Chen Weiming’s Newest Three Dimensional Artwork At Liberty Sculpture Park

Chen Weiming’s most recently completed artwork is now on display at Liberty Sculpture Park in Yermo.
The three-dimensional piece was dropped into place in early June and unveiled in a ceremony held on June 4, 2023.
Known by the title “Chained Woman,” the sculpture embodies Weiming’s reaction to the video of a chained woman in Feng County, Xuzhou, Jiangsu, People’s Republic of China recorded in January 2022 and posted to social media.
An artist and human rights anti-communist activist and advocate for Chinese democracy, Weiming works in three-dimensional media to capture images of injustice and repression in the country of his birth. Weiming was born in Hangzhou, China, and emigrated to New Zealand in 1988. He holds a New Zealand passport as well as permanent residence in the United States, living in both countries.His previous works, which are displayed at Liberty Sculpture Park, include a bust of Chief Crazy Horse, the inside of the headdress for which bears the phrase, “Give me liberty or give me death”; a statue of Chinese activist Li Wangyang; “Tank Man,” which shows the still-unidentified man with two shopping bags who stood down a tank on June 5, 1989 during protests that took place in Tiniananmen Square that year; the number “64,” which commemorates the Tiniananmen Square protests, which, according to unverified reports contradicted by the Chinese Communist Government, ended in the massacre of somewhere between 200 and 2,000 protesters; the work “Liberate Hong Kong;” and CCP Virus [i.e., Chinese Communist Party Virus] which shows a coronavirus cell melded into the head of a man’s head/skeleton.

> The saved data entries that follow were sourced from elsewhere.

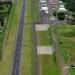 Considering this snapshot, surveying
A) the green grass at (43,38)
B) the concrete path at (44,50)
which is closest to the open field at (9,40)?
the concrete path at (44,50)

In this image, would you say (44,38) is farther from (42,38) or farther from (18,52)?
(18,52)

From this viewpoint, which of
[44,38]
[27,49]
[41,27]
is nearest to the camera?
[27,49]

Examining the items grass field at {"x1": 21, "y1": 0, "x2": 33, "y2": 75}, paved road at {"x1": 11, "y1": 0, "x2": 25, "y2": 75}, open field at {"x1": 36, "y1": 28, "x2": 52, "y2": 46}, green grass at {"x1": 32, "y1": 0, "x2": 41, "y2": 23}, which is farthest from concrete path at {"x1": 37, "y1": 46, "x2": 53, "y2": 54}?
green grass at {"x1": 32, "y1": 0, "x2": 41, "y2": 23}

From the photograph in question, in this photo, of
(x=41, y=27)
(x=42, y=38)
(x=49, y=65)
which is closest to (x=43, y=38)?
(x=42, y=38)

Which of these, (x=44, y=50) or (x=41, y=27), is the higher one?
(x=44, y=50)

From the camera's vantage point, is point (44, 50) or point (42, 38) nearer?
point (44, 50)

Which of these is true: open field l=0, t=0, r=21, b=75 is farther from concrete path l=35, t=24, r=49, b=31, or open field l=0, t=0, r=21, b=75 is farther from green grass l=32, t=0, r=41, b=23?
concrete path l=35, t=24, r=49, b=31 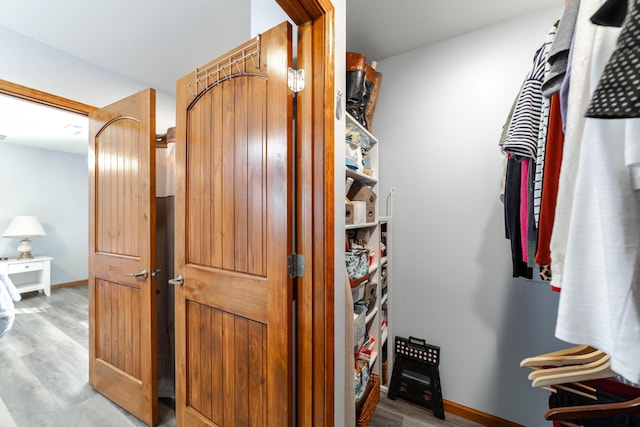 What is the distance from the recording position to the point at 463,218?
178 centimetres

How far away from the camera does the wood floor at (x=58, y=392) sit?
65.5 inches

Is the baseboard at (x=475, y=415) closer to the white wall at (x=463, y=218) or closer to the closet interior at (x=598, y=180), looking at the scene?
the white wall at (x=463, y=218)

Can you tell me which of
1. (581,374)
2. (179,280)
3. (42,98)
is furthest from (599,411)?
(42,98)

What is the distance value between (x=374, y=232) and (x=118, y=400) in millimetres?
2085

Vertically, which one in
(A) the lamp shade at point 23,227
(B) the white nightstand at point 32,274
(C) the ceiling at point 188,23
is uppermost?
(C) the ceiling at point 188,23

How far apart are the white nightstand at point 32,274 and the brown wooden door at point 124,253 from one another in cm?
348

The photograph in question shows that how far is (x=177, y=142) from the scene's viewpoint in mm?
1479

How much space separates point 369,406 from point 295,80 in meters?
1.85

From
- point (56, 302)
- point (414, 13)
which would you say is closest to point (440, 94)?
point (414, 13)

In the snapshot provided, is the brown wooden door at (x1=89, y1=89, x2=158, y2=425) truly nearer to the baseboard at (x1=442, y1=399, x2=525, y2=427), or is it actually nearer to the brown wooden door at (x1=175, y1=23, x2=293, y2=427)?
the brown wooden door at (x1=175, y1=23, x2=293, y2=427)

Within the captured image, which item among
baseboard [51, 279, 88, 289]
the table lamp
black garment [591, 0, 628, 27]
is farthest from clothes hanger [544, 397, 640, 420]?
baseboard [51, 279, 88, 289]

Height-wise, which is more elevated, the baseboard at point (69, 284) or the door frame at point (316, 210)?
the door frame at point (316, 210)

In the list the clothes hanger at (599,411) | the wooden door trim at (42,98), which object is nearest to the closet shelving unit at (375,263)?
the clothes hanger at (599,411)

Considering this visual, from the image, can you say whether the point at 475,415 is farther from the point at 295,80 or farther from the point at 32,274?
the point at 32,274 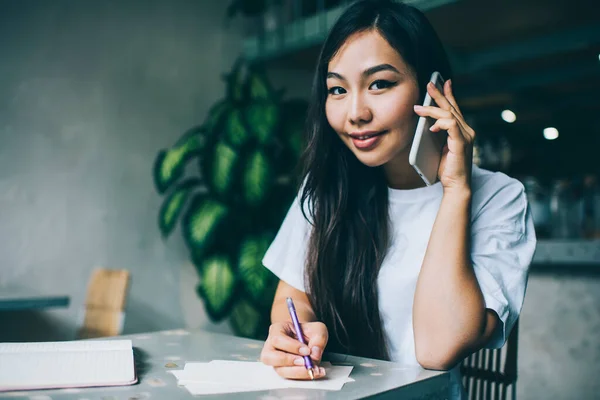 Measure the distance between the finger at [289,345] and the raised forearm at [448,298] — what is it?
0.25m

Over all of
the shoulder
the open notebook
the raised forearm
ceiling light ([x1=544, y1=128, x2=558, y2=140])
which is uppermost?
ceiling light ([x1=544, y1=128, x2=558, y2=140])

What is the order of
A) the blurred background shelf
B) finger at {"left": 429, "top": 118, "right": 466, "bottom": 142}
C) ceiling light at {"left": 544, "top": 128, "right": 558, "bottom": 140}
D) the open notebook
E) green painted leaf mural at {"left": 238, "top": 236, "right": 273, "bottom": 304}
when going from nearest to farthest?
the open notebook → finger at {"left": 429, "top": 118, "right": 466, "bottom": 142} → the blurred background shelf → green painted leaf mural at {"left": 238, "top": 236, "right": 273, "bottom": 304} → ceiling light at {"left": 544, "top": 128, "right": 558, "bottom": 140}

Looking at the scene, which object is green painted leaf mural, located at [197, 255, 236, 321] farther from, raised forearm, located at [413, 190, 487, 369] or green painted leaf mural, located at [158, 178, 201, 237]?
raised forearm, located at [413, 190, 487, 369]

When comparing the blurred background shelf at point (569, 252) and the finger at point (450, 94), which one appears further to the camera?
the blurred background shelf at point (569, 252)

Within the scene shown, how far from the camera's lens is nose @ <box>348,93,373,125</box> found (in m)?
1.19

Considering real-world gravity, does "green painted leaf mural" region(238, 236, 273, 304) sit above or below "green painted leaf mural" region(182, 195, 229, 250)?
below

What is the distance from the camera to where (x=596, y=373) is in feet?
6.94

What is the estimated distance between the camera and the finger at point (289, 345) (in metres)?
0.88

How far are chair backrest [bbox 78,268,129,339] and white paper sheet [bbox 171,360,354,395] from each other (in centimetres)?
134

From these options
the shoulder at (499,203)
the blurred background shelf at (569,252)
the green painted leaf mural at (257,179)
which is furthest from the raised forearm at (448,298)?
the green painted leaf mural at (257,179)

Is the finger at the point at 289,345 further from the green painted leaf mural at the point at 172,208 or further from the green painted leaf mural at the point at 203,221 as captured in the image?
the green painted leaf mural at the point at 172,208

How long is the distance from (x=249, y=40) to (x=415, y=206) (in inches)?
96.0

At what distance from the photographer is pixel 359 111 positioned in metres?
1.19

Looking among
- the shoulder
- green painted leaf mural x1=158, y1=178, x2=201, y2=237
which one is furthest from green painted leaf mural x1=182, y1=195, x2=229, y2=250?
the shoulder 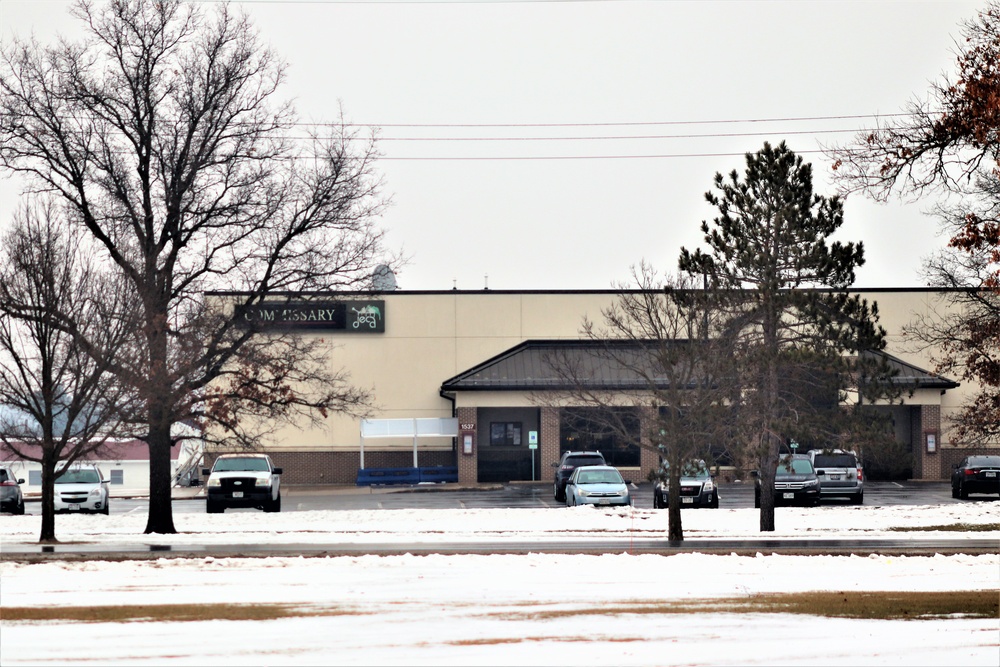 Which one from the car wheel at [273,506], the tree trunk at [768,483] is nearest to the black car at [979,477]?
the tree trunk at [768,483]

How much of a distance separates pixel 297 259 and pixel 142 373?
506 centimetres

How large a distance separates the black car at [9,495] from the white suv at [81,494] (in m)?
1.19

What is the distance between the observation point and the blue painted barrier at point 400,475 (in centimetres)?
5031

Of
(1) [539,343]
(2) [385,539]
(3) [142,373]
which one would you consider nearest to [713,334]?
(2) [385,539]

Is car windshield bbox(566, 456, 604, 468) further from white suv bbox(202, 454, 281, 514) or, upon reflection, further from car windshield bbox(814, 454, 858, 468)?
white suv bbox(202, 454, 281, 514)

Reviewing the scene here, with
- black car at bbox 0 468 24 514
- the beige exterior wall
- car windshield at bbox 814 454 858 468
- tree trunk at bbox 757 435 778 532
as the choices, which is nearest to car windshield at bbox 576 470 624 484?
car windshield at bbox 814 454 858 468

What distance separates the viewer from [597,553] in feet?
69.7

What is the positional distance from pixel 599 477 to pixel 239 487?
33.6 feet

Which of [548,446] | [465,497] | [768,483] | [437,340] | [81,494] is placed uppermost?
[437,340]

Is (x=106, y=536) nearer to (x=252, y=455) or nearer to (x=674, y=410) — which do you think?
(x=252, y=455)

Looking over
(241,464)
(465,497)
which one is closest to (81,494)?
(241,464)

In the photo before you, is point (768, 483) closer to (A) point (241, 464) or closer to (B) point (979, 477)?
(B) point (979, 477)

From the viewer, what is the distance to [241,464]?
117 ft

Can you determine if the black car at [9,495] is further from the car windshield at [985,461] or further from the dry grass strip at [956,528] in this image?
the car windshield at [985,461] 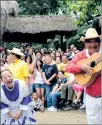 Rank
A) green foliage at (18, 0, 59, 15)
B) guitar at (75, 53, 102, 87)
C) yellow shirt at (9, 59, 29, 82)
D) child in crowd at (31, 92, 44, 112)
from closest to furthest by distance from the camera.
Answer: guitar at (75, 53, 102, 87) → yellow shirt at (9, 59, 29, 82) → child in crowd at (31, 92, 44, 112) → green foliage at (18, 0, 59, 15)

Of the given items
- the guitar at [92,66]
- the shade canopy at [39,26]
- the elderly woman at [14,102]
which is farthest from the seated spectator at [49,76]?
the shade canopy at [39,26]

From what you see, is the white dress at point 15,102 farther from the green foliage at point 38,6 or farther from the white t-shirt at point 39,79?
the green foliage at point 38,6

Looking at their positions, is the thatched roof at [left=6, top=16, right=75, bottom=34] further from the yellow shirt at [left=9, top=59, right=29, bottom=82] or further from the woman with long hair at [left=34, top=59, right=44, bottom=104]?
the yellow shirt at [left=9, top=59, right=29, bottom=82]

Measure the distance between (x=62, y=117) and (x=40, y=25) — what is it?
12.1m

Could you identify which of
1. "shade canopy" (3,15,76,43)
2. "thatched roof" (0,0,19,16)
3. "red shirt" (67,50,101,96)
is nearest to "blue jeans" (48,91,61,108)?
"red shirt" (67,50,101,96)

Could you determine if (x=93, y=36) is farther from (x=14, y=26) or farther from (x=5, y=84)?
(x=14, y=26)

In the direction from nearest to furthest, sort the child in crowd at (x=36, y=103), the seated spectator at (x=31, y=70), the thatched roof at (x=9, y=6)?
1. the child in crowd at (x=36, y=103)
2. the seated spectator at (x=31, y=70)
3. the thatched roof at (x=9, y=6)

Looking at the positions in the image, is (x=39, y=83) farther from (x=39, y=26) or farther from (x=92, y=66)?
(x=39, y=26)

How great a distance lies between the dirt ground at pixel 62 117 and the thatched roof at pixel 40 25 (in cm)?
1098

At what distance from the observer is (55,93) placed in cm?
984

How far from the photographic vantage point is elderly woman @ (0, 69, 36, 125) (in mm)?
6160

Social media sites that broadcast the video reported that the unnamed woman was repeatedly trafficked and forced to give birth to eight children. In the viral video, she was shackled and appeared to have been broken by subjugation, abuse and torture. When she saw someone was filming her, the woman, chain-bound, groaned: “This world does not want me anymore.”
The video, Weiming said, is evidence “of the tragic fate and endless suffering of women in China’s so-called prosperous age! “We should not only sympathize with the tragic Chained Woman who has suffered enough abuse, but continue to search for her whereabouts, and must also pay attention to the whereabouts of those conscientious people who cried out for her and disappeared such as Wuyi, and work hard to rescue them.”
The Sentinel today sojourned to Liberty Sculpture Park to capture images of Weiming’s latest work.